What Does The Polio Vaccine And Architecture Have In Common? Well, how many times have you walked into a room and felt like you belonged? How about a space that you felt productive in, one that made you feel creative? Do you know that it is clever interior design that creates this feel? Your built environment influences so many facets of your life. And, it’s only recently that leaders are recognising the importance of a well thought out and designed environment.
Jonas Salk, the inventor of the polio vaccine, credits his discovery to a 13th Century Monastery known as the Basilica of San Francesco d’Assisi. He had hit a stalemate in his dark basement laboratory in Pittsburgh. So decided to take a break and retreated to the Monastery in the quiet hills of Assisi, Italy. The Basilica could not have been more different than the lab with its beautiful Romanesque Architecture and Gothic styles. It was only after he spent time roaming through columns and cloistered courtyards that he was able to have new insights into the problem he was trying to solve.
Jonas so strongly believed that architecture influenced the mind that he built the ‘Salk Institute’ to stimulate breakthroughs and creativity. This is where lies the connection between the Polio Vaccine and Architecture.
Clever design helps productivity and creativeness
Researchers are now studying how to design spaces that promote creativity, keep students focused or create relaxation and intimacy.
In 2007, a study demonstrated that the height of a room affected how people processed information. The higher the ceiling, the greater the ability for creative thinking and freer thoughts. Conversely lower ceilings allowed people to focus on details. This is where the use of bulkheads are great in an open-plan space.
A 2000 study found that if people had views to natural settings, either real or images they were able to concentrate better. It is suggested that urban settings are too stimulating with traffic and crowds. It takes more cognitive effort to deal with them than it does to look at a stream or forest of trees. The natural elements help calm us down and can reduce stress.
What about lighting?
It has long been recognised that correct lighting is vital in fighting fatigue. Researchers have found that using blue light-emitting diodes such as LED’s will keep your staff alert and awake.
However, using more natural light in schools (for example) provides a better learning environment for the students and, along with natural air, is known to help stimulate productivity.
So it seems, if you are struggling to think creatively or are stuck on something, then taking a break and going to an open space with natural light and fresh air might help solve the problem (as it did with Jonas Salk).
Effective design for commercial spaces
When designing for an office or commercial premise it is important the designer understands the culture of the company, work structure and type of work. The company’s mission statement is important and the target market vital if the correct design is to be produced.

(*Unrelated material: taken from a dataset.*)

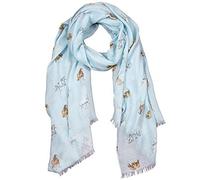 Wrendale Designs by Hannah Dale - Feather and Forelocks Lightweight Horse Scarf - 70cm by 190cm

If the designer is not asking questions about spatial organisation, circulation, information transfer, interface and staff interaction you have the wrong person. These connections are vital to understanding the nature of the business and good effective design.
Interior design affects office productivity by influencing access to people and resources, comfort, privacy and flexibility.
The space is your brand, your community and your organisation. To ensure your corporate image matches your perceived image, a well-designed space is a necessity.